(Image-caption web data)
============================================================

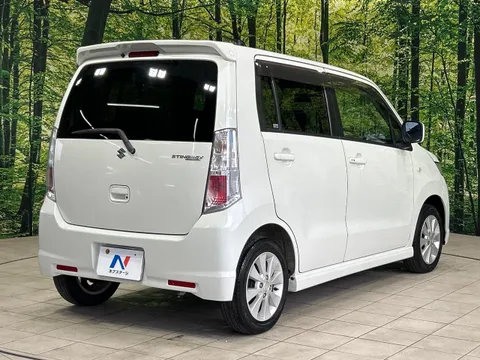 Suzuki Wagon R Stingray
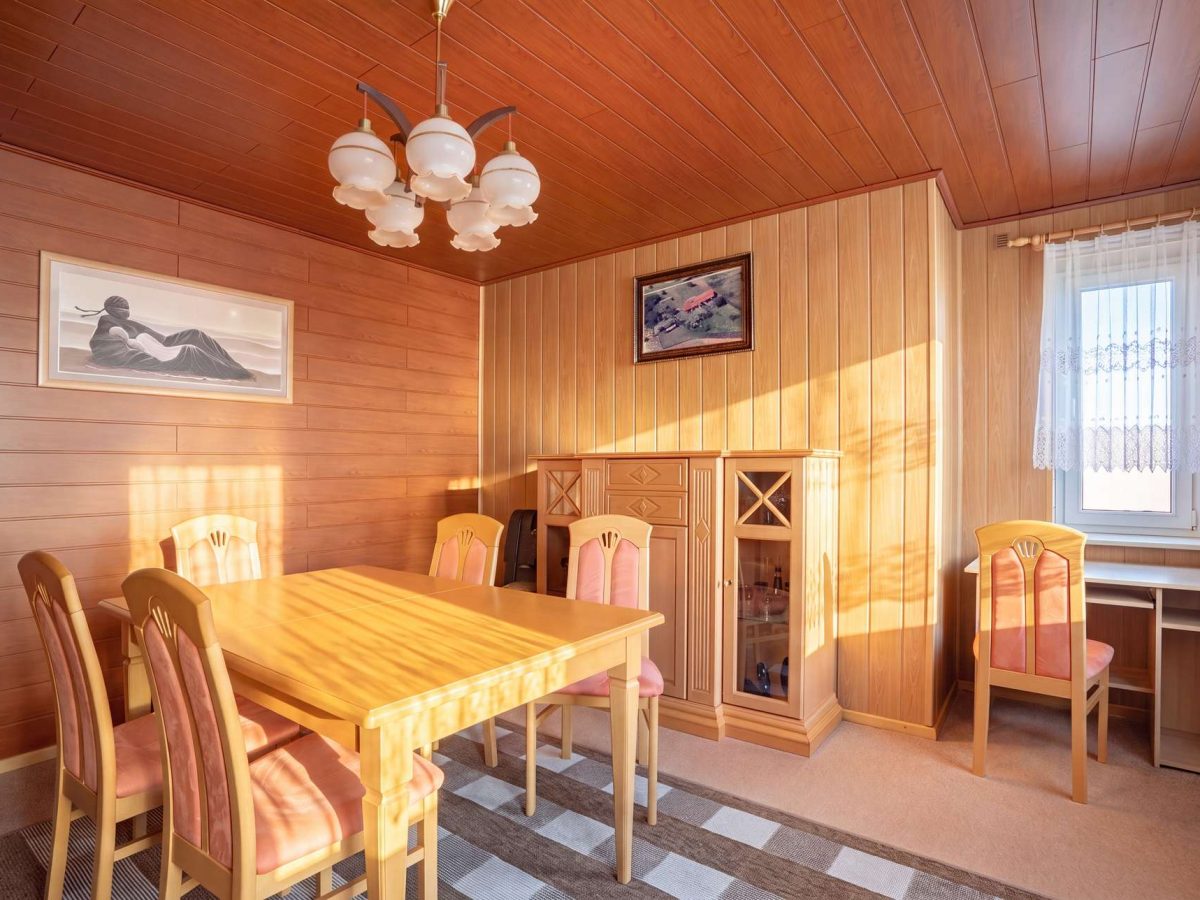 Esszimmer EG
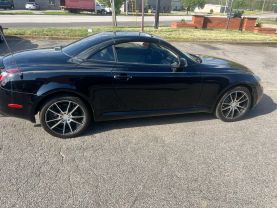2006 LEXUS SC CONVERTIBLE V8, 4.3 LITER SC 430 CONVERTIBLE 2D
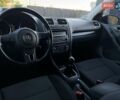 Черный Фольксваген Гольф, объемом двигателя 1.39 л и пробегом 184 тыс. км за 7990 $, фото 20 на Automoto.ua
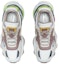 Shop Li-Ning Countflow Alien MiYuSiLu x Dunhuang Museum 'White Brown Green' AGLQ181-2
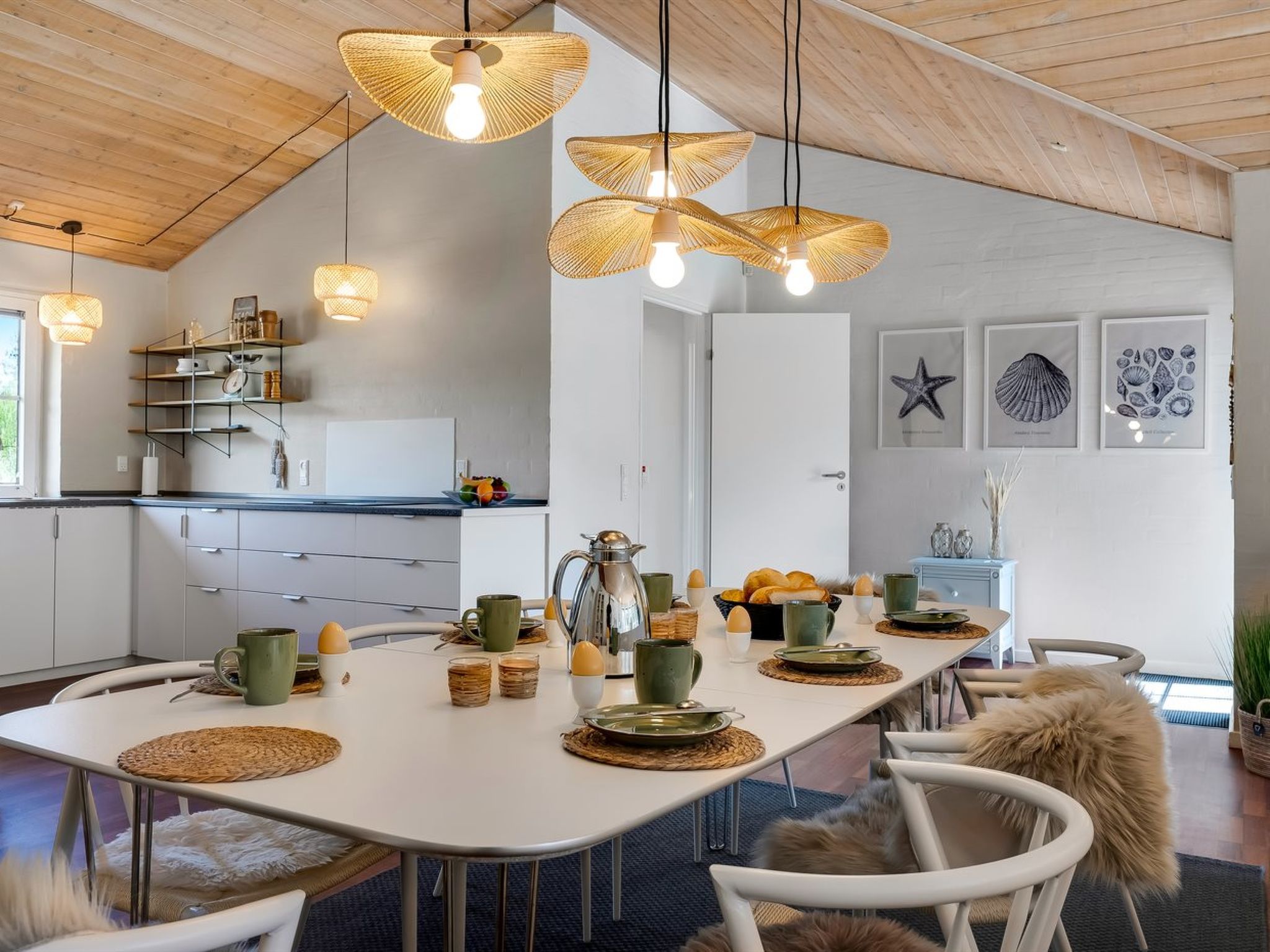 Vakantiehuis met open haard en whirlpool in Blåvand · 8 pers. - foto 7
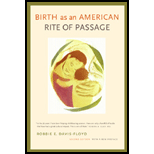 Birth as an American Rite of Passage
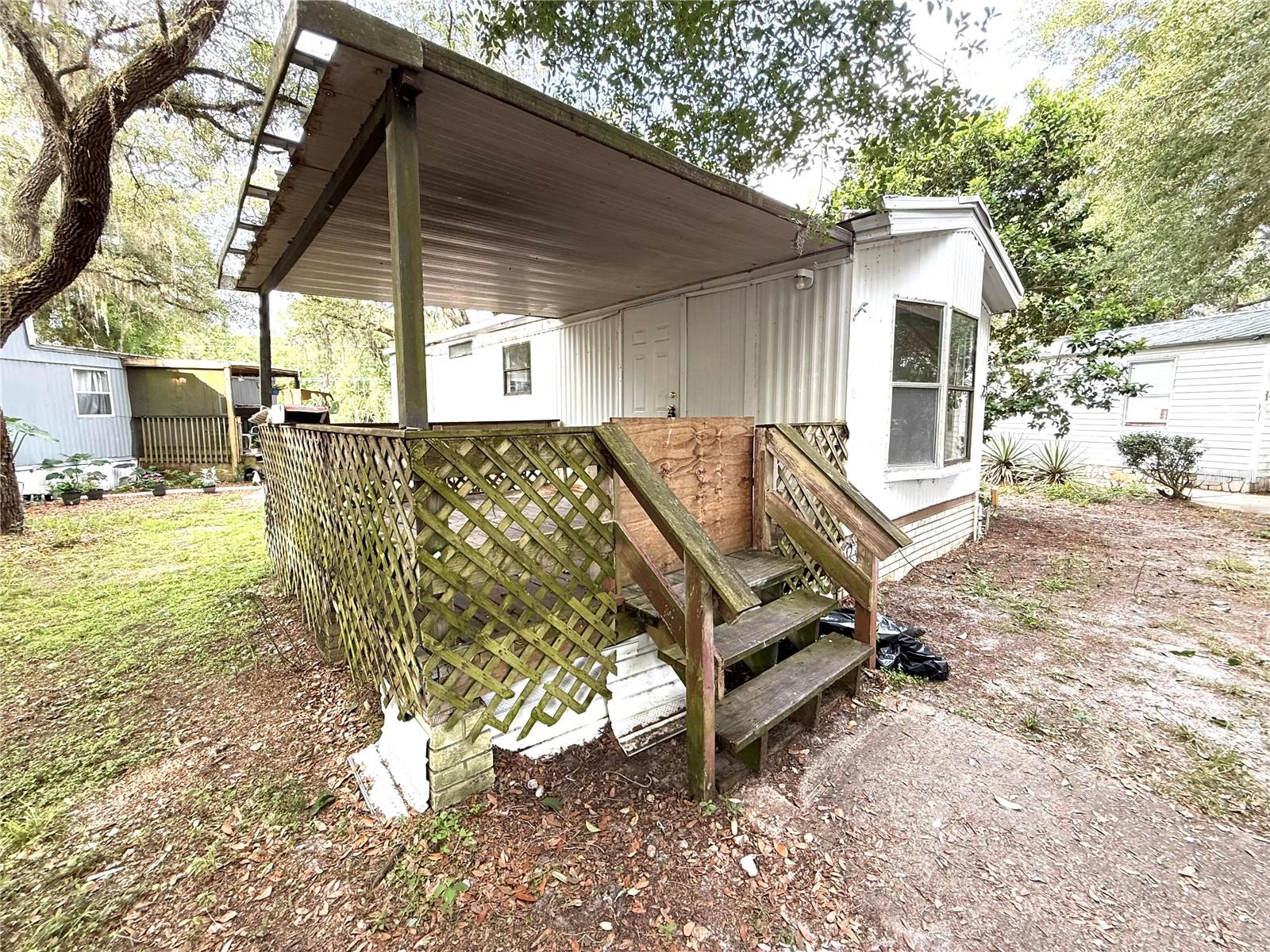 14455 E HIGHWAY 25 E #22, OCKLAWAHA, FL, 32179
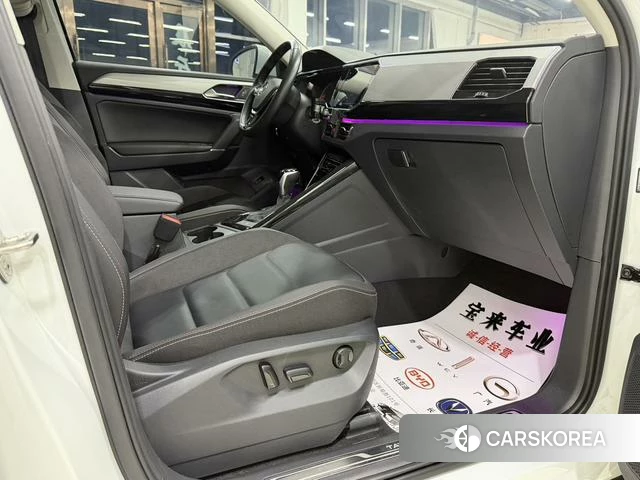 Volkswagen Tanyue id 4313317 из Китая 23
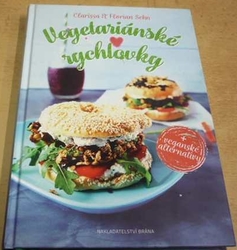 Clarissa Sehn - Vegetariánské rychlovky (2017)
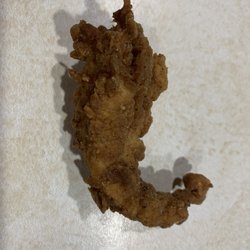KFC - This looks about as appetizing as it tasted
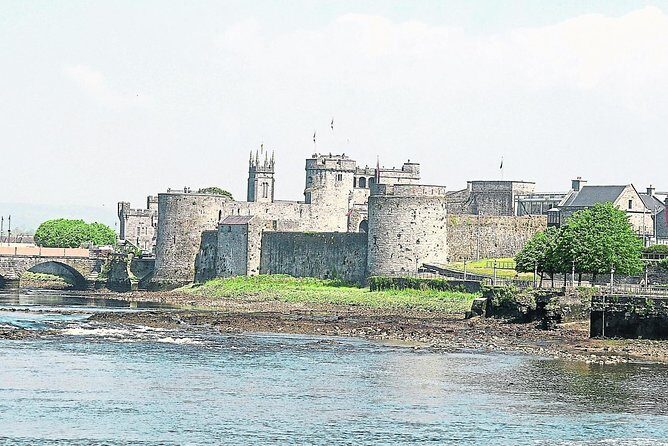 Private Walking Tour of Limerick City - Crimean War, American Civil War, and political threads you can see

============================================================

* **Problem**:
Starting at the line with "Shop Li-Ning Countflow" in the entries above, write out every line exactly until the line with "14455 E HIGHWAY" has been written. Include no pictures and nothing more.

* **Answer space**:
 Shop Li-Ning Countflow Alien MiYuSiLu x Dunhuang Museum 'White Brown Green' AGLQ181-2
 Vakantiehuis met open haard en whirlpool in Blåvand · 8 pers. - foto 7
 Birth as an American Rite of Passage
 14455 E HIGHWAY 25 E #22, OCKLAWAHA, FL, 32179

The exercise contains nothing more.